The confessions of a refactoraholic

Sunday, April 17, 2011

K.I.S.S. part II

This post is about keeping it simple on the solution side of things:

Now it's easy for me to say "don't make shit complicated". I mean some shit is complicated by nature, and the only thing that's left to do is get up to speed on the details until it becomes clear. In addition, due to the exploratory nature of software development, often shit only becomes simple after you've done it the complicated way. Our understanding of the problem may grow as time goes on, and based on the improved understanding, the code may start looking clearer, and typically more compact.

I think it was Mel Gibson who once said about acting "it takes a lot of work to make it look effortless". As a refactoraholic, I can testify to the fact that "it takes a lot of work to make code look easy". A person looking at simply written code might be tempted to say "oh yeah, I could have thought of it myself". Just like a good textbook that does a good job of explaining something, might get you quicker to the eureka moment, so will compact, loosely coupled code, with good comments and variable names that make sense get you to find logical errors and bugs, as well as make adding new features faster.

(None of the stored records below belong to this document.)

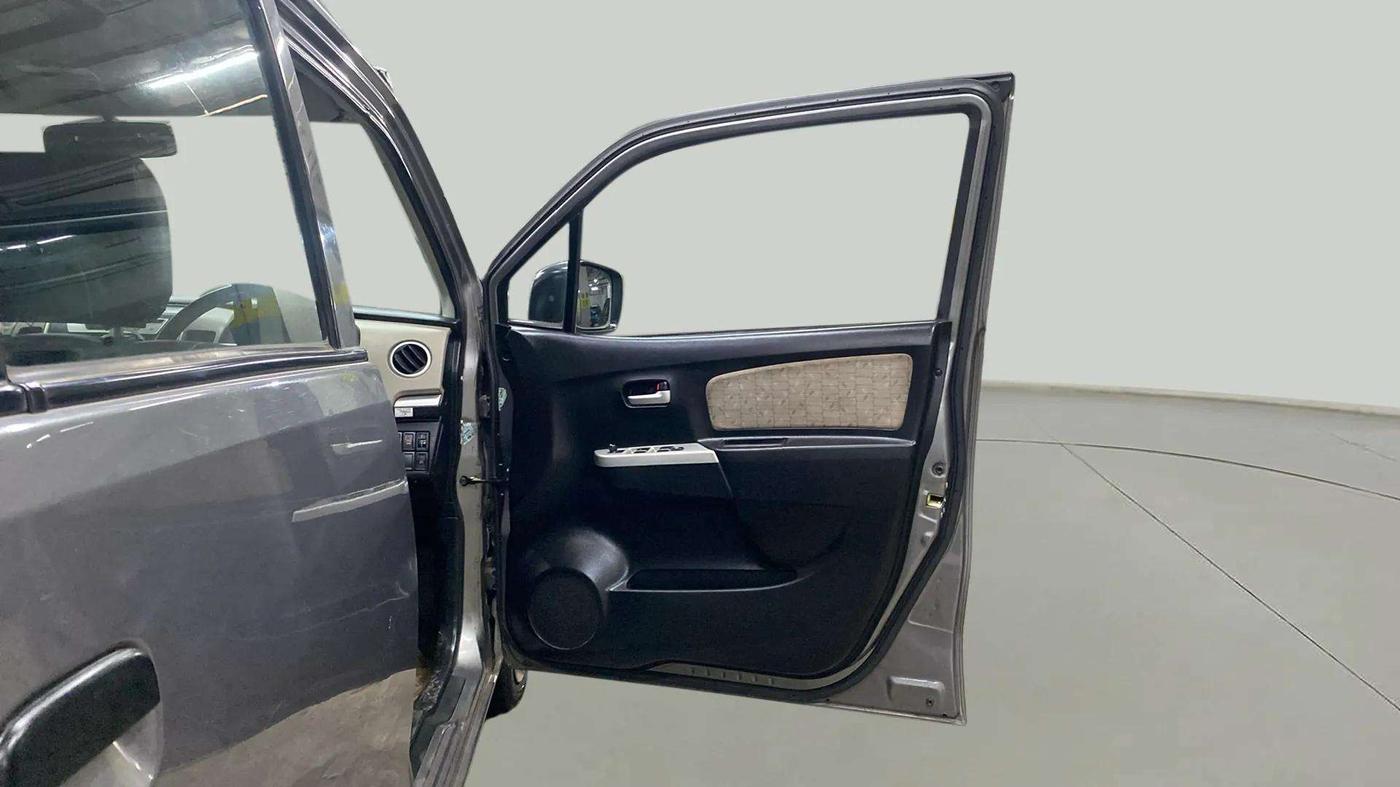 2013 Maruti Wagon R 1.0 VXI, Petrol, Manual, 46,890 km, RHS Front Door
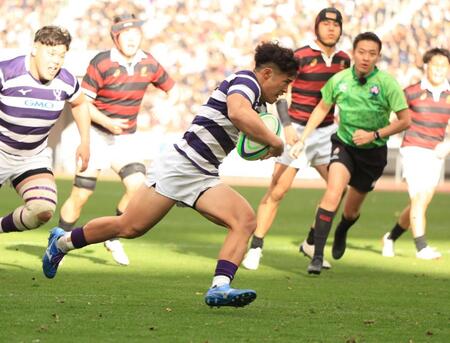 　前半、トライをきめる明大・伊藤龍之介（撮影・金田祐二）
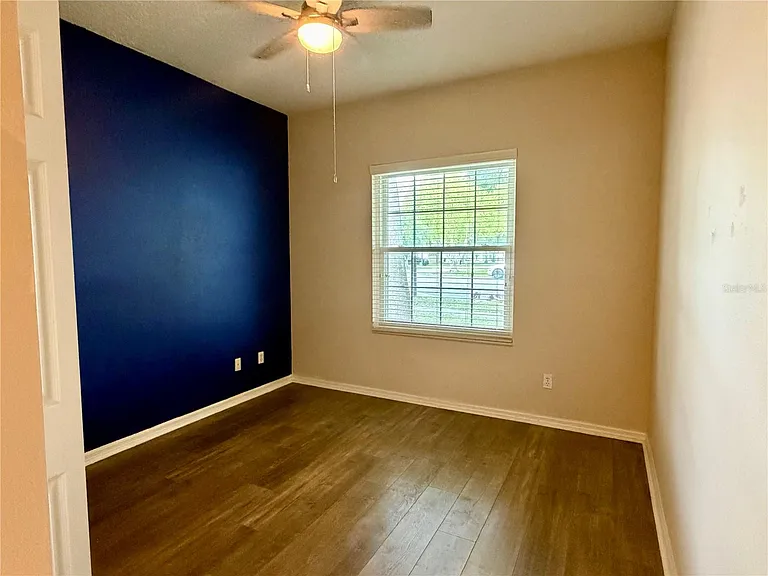 10237 Facet Ct — Photo 33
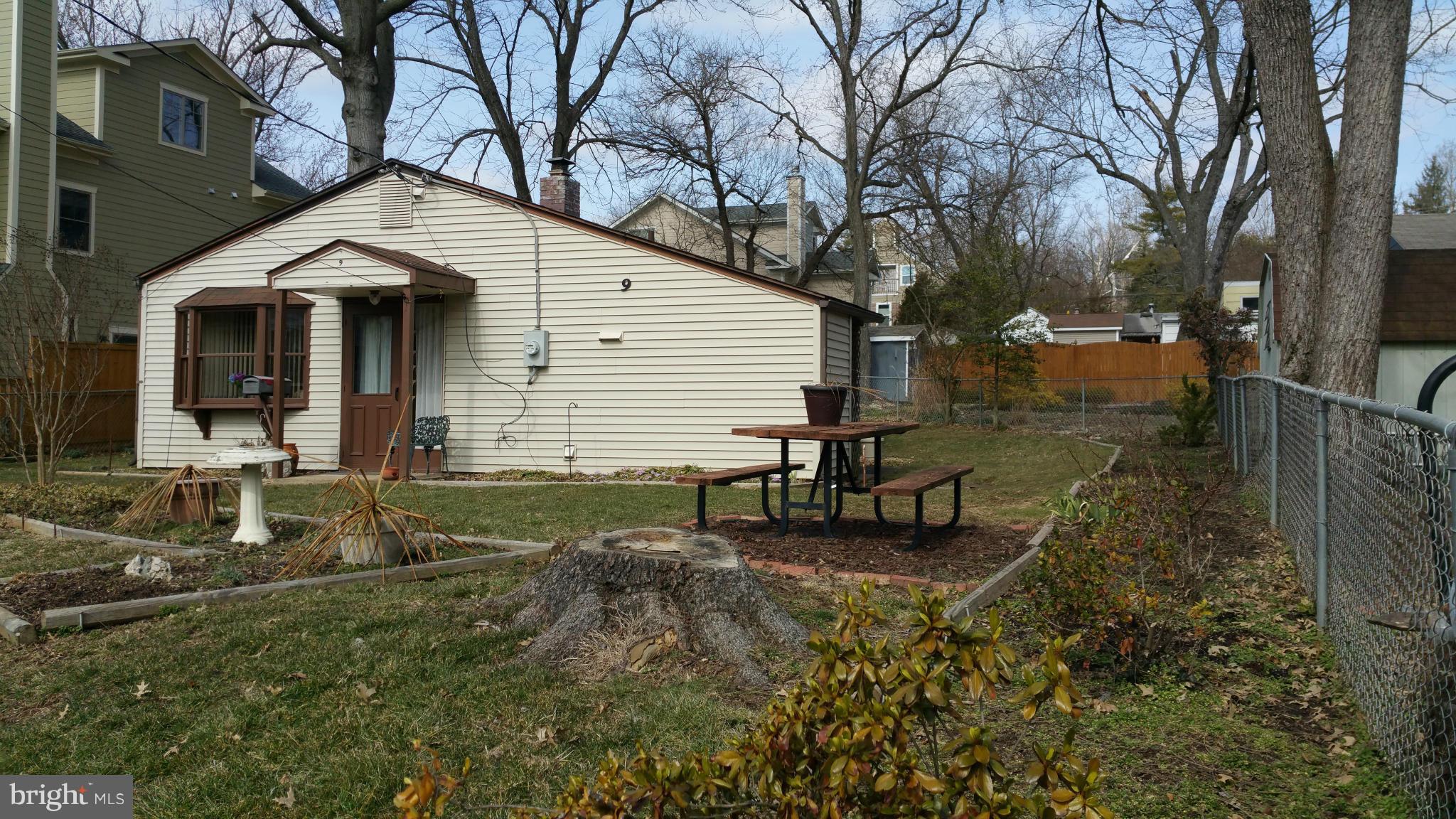9 Webb Road, Unit 9 Cabin John, MD 20818 - Photo 3 of 22 Exterior (Front)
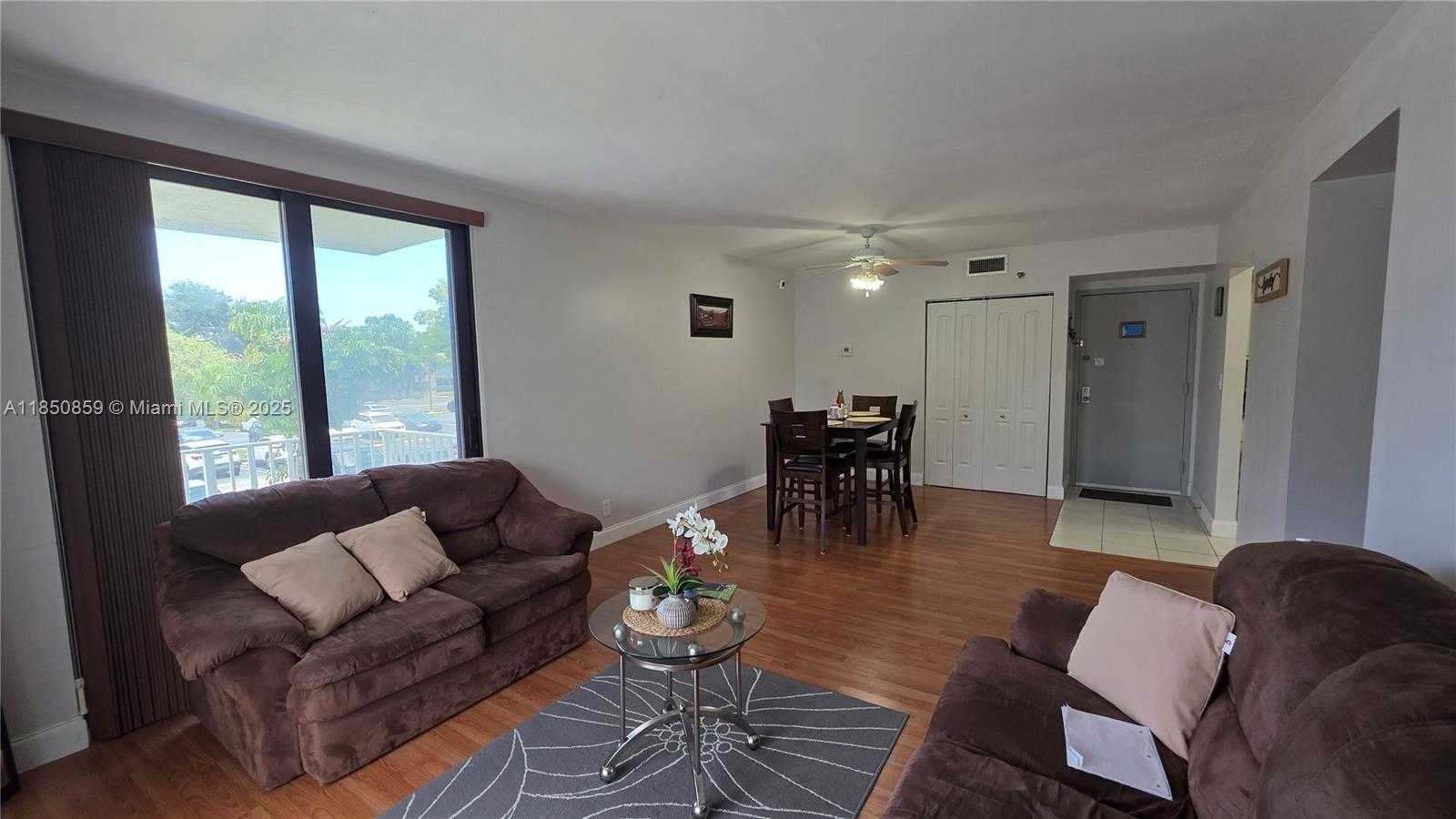Small Image of 901 HILLCREST DR #215, Hollywood Number 10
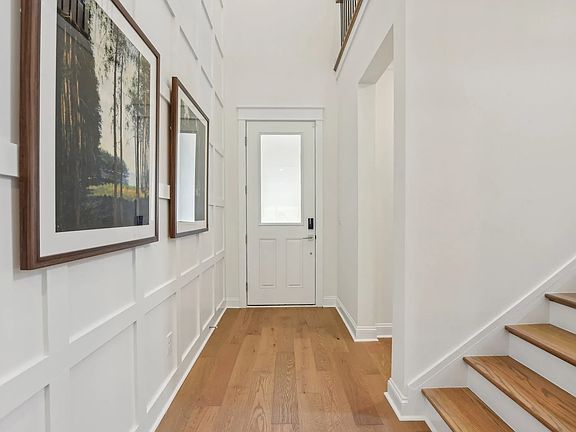 Logan Model Entry, Windell Woods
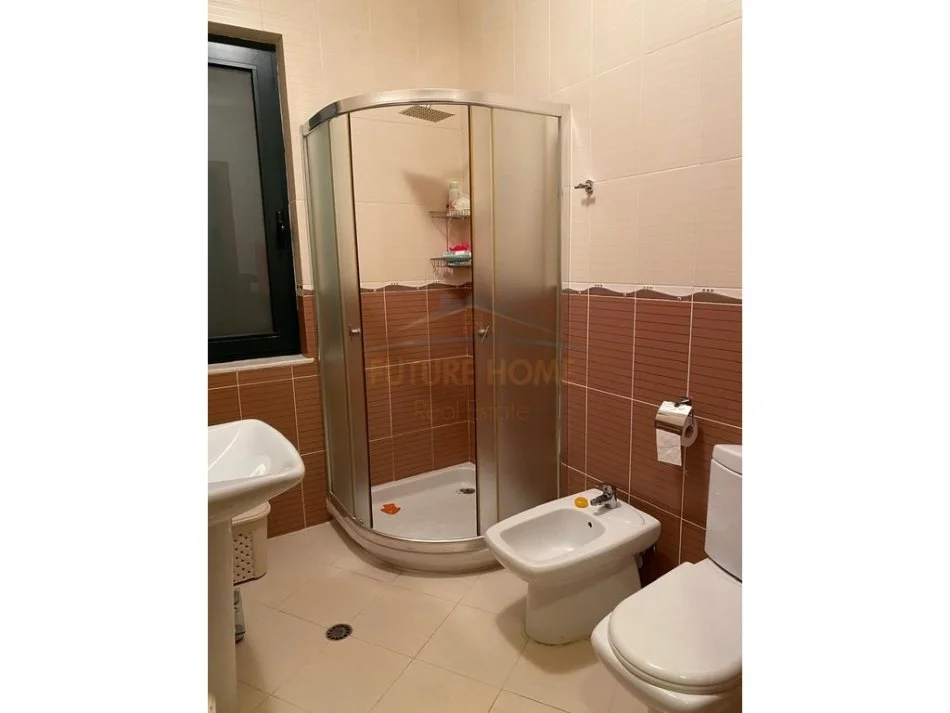Tirane, shitet apartament 3+1 Kati 2, 140 m² 360.000 € (Qerret , Kavaje)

After refactoring I often stumble on some "obvious" logical errors in the code. It can look like a dumb mistake in the logic, but it only became obvious after 2-3 rounds of refactoring. Previously this mistake may have been burried so deep, it would have been much more difficult to "see".

K.I.S.S.

As I look at the experiences I've had handling difficult code written by other people, some patterns seem to emerge. One of the most persistent patterns that seem to be causing most of the software maintenance issues I've encountered is people making shit too fucking complicated! And by that I mean people not following the principle "Keep it simple, stupid" (aka, K.I.S.S.).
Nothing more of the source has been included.